Esa noche tuvieron una reunión en la capillita construida de troncos en la cima del monte, y allí volvieron a estar los niños con los mayores de la aldea. Era una noche tan, pero tan fría que el hielo en el lago se contraía produciendo un estruendo; no obstante, aún los ancianos le hicieron frente al frío, y caminaron largas distancias para llegar a la reunión.
¡Qué bien la pasaron cantando! Luego, se hizo evidente que Dios estaba obrando en el corazón de los oyentes mientras hablaba el misionero. Después de la reunión, cuando casi todos se habían retirado, un chico de diez años, hijo de un cazador de pieles, seguía esperando. Nadie le prestó atención, y los misioneros no tenían idea por qué estaba todavía allí.
—¡Quiero ser salvo!—exclamó de pronto en un tono casi agonizante.
Los misioneros conversaron con él, y cuando citaron versículos bíblicos acerca de cómo el Señor murió por él, y acerca de su amor por él, éstos parecieron penetrar derechito en su corazón. Cuando comprendió que el Señor Jesús había completado la obra de redención necesaria para su salvación al morir por él en la cruz, y que lo único que tenía que hacer era confiar en él, se le iluminó el rostro de alegría.
Al día siguiente este hijo de cazador de pieles le contó las buenas nuevas a sus amigos, y otro muchachito de su misma edad vino a la casa de las misioneras esa tarde después de la escuela, diciendo que él también quería ser salvo.
Estos dos chicos trajeron esa noche a los dos muchachos inconversos que dos días antes, se habían burlado en la clase en la casa de las misioneras. El misionero volvió a hablar nuevamente de la salvación y también contó de la segunda venida del Señor para todos los que son salvos.

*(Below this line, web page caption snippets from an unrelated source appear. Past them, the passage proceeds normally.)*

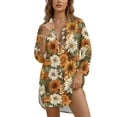 thumbnail image 1 of Xoenoiee Sunflower Daisy Print Swimsuit Coverup for Women Casual V Neck Bathing Suit Cover Ups Button Down Beach Bikini Swimwear Cover up Dress Shirt, M, 1 of 7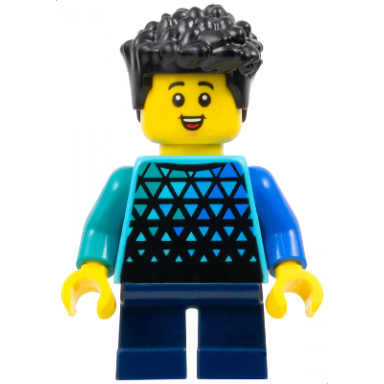 child - boy medium azure top with triangles dark blue short legs black hair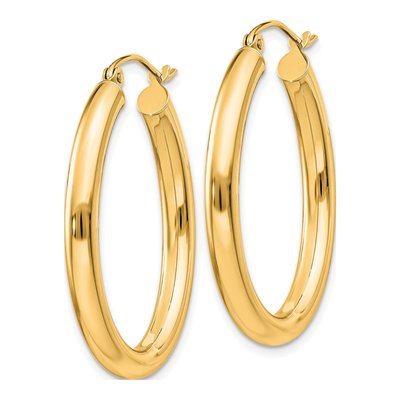 14K Yellow Gold Oval Tube Hoop Earrings – view 2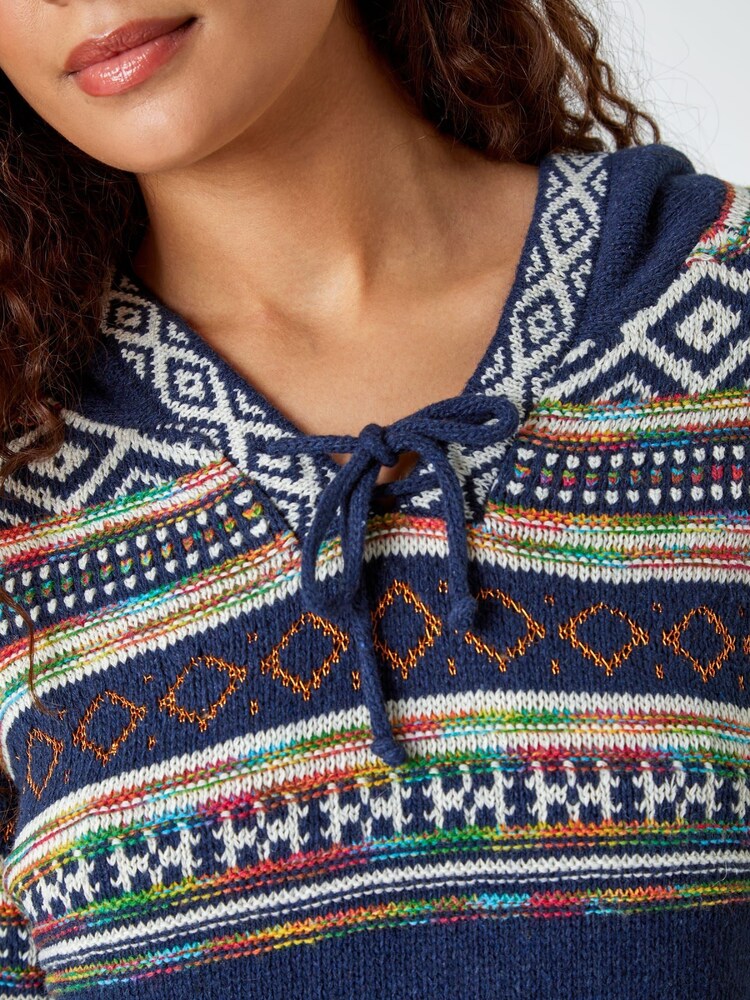 Roman Blue Nordic Print Hooded Jumper - Image 6 of 6 Roman Blue Nordic Print Hooded Jumper - Image 6 of 6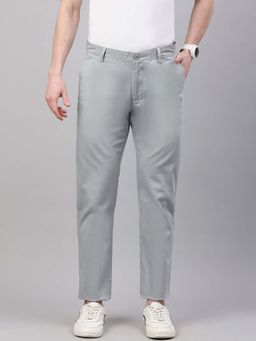 Classic Polo - Mens Light Blue Slim Fit Solid Trouser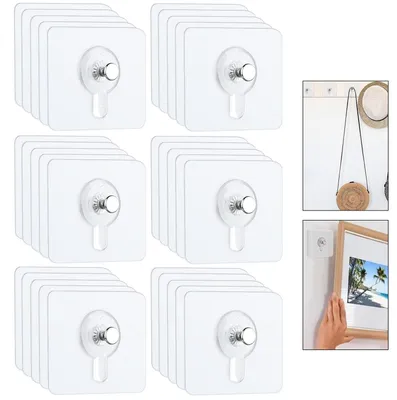 Produktbild von 30 selbstklebende Aufhängehaken, transparente Klebehaken zum Aufhängen von Fotos ohne Bohren, selbstklebende Aufhängehaken für Bilderrahmen, Fotos, Poster und dekorative Gemälde.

Los dos muchachos inconversos volvieron a su casa esa noche, pero no podían dormir. ¿Qué si el Señor regresaba esa noche? Sabían que no estaban preparados, y que significaba que serían condenados para siempre. Se sentían tan desdichados que se levantaron de la cama, y uno de ellos se asomó por la ventana en la oscuridad de la noche.
—¡Mira! ¡Todavía tienen las luces prendidas! —exclamó.

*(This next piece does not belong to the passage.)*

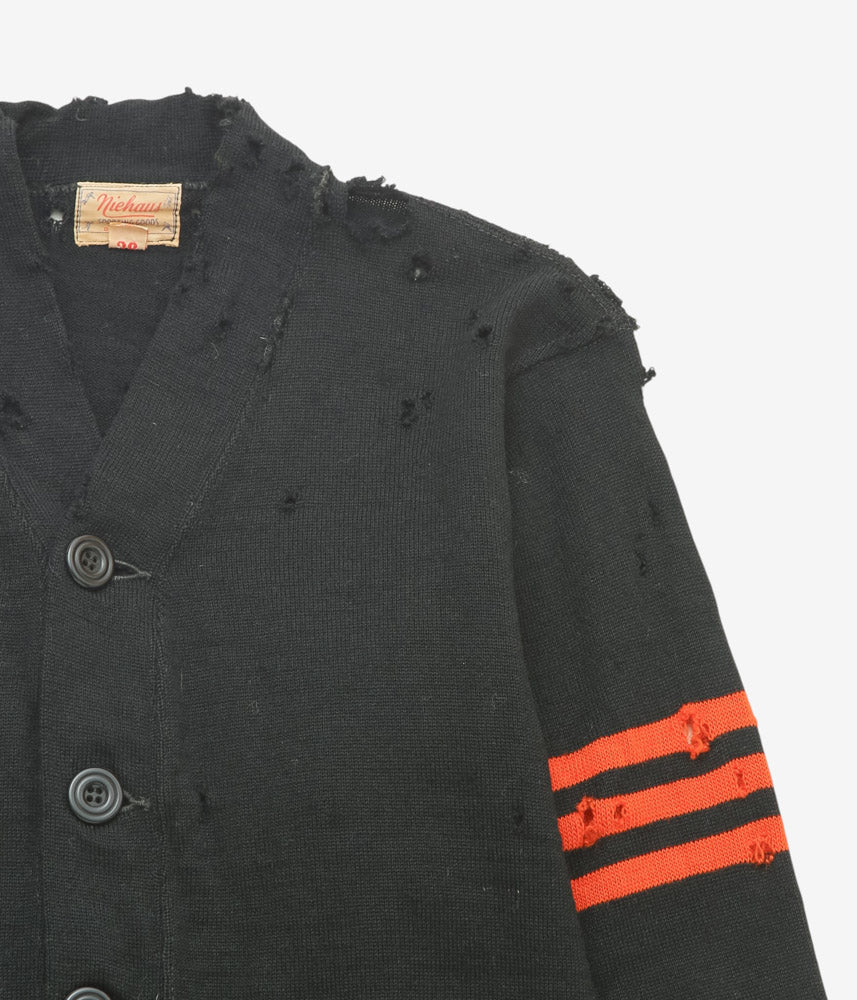 VINTAGE CLOTHING ''1960s WOOL LETTERED KNIT CARDIGAN'' (BLACK)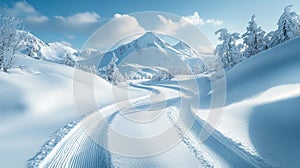 A peaceful snowy trail with ski tracks weaving through the winter landscape under a clear blue sky photo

En medio de la noche oscura podían ver que las misioneras todavía tenían las luces encendidas en su casa, así que se vistieron rápidamente y con mucha dificultad caminaron a través de la nieve hasta la casa.

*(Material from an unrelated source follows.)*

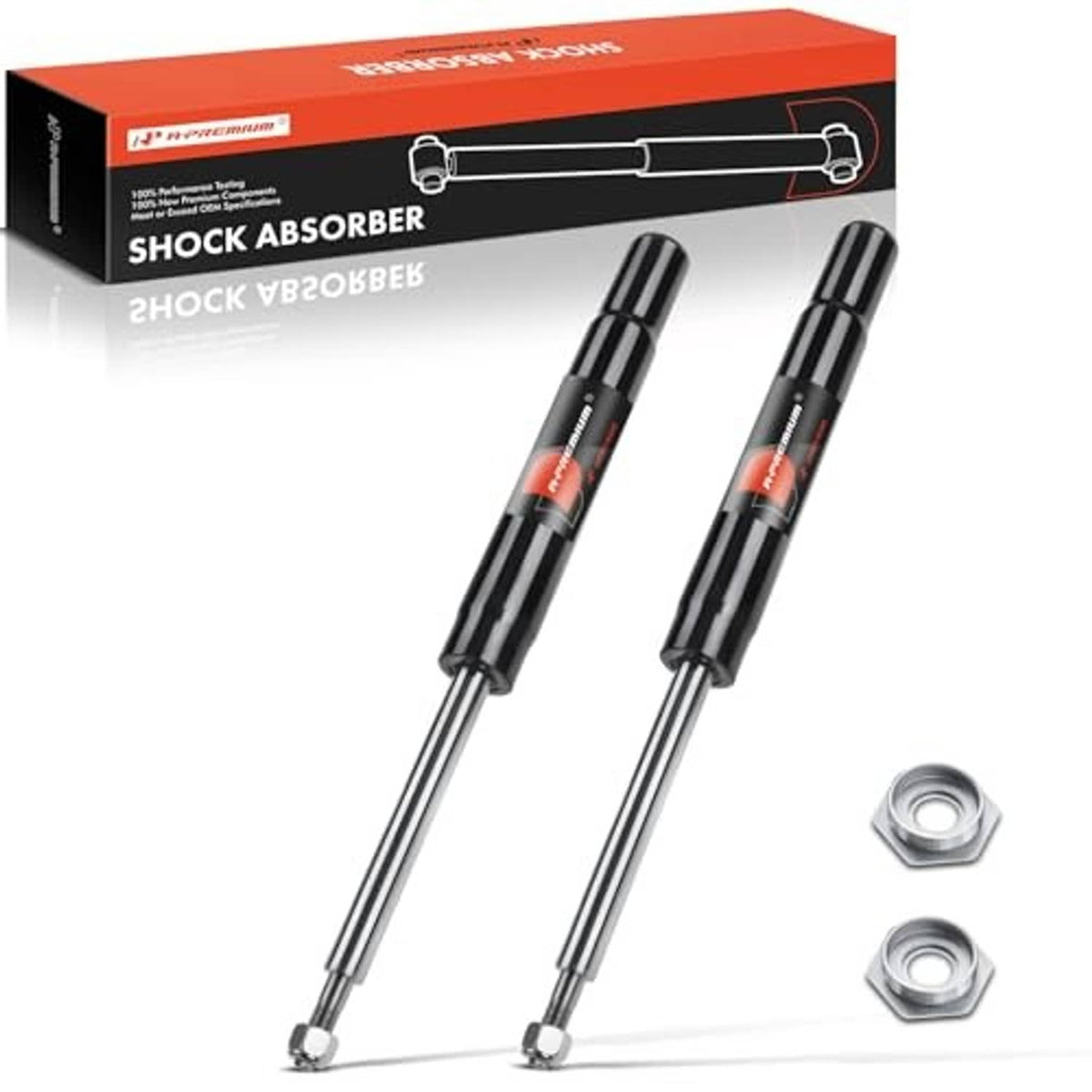 Front shock strut absorber pair in box, black bodies with red stripes, silver mounting rods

Cuando las misioneras contestaron al llamado a la puerta, se sorprendieron de ver a los dos muchachos con los rostros muy serios de pie en el umbral.
—¿Pasa algo?—preguntaron.
Los muchachos ahora no se reían ni se burlaban. Con lágrimas en los ojos, les dijeron que querían ser salvos, y al poco rato todos se regocijaban con lágrimas de alegría, porque le entregaron su corazón al Señor.
Estos dos muchachos nunca volvieron a burlarse de los creyentes; ahora, también ellos, les están contando a otros niños y niñas acerca del Señor Jesús.